### [To do]
Transcribe the listing below exactly, leaving out each image.

### [Source material]
===============

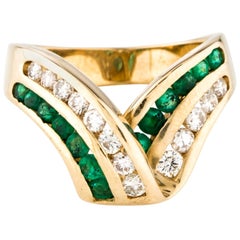Wide Band Emerald Diamond Row Cocktail Ring 14 Karat Gold Gem V Ribbon Design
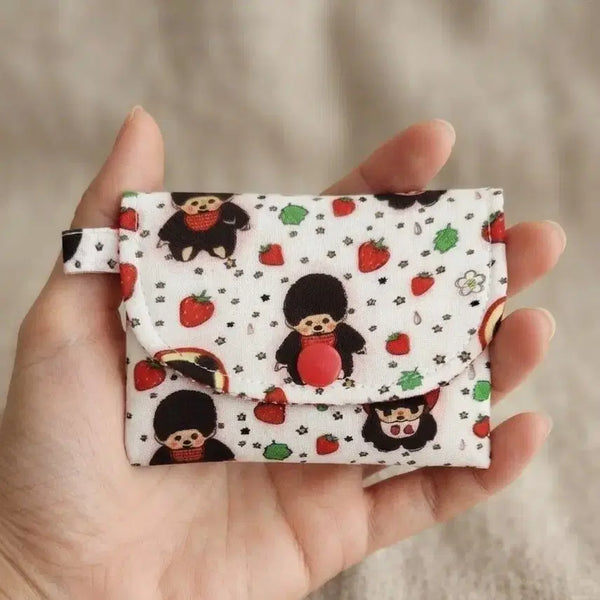 [BUNJANG] Monchhichi Strawberry Pattern Snap Card Holder / 몬치치  카드지갑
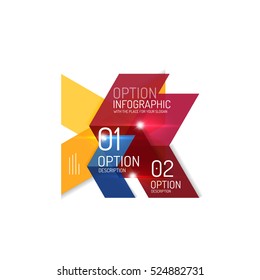 Abstract background, geometric infographic option templates. Vector colorful business presentation or data brochure layouts with sample text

===============

### [Result]
Wide Band Emerald Diamond Row Cocktail Ring 14 Karat Gold Gem V Ribbon Design
 [BUNJANG] Monchhichi Strawberry Pattern Snap Card Holder / 몬치치  카드지갑
 Abstract background, geometric infographic option templates. Vector colorful business presentation or data brochure layouts with sample text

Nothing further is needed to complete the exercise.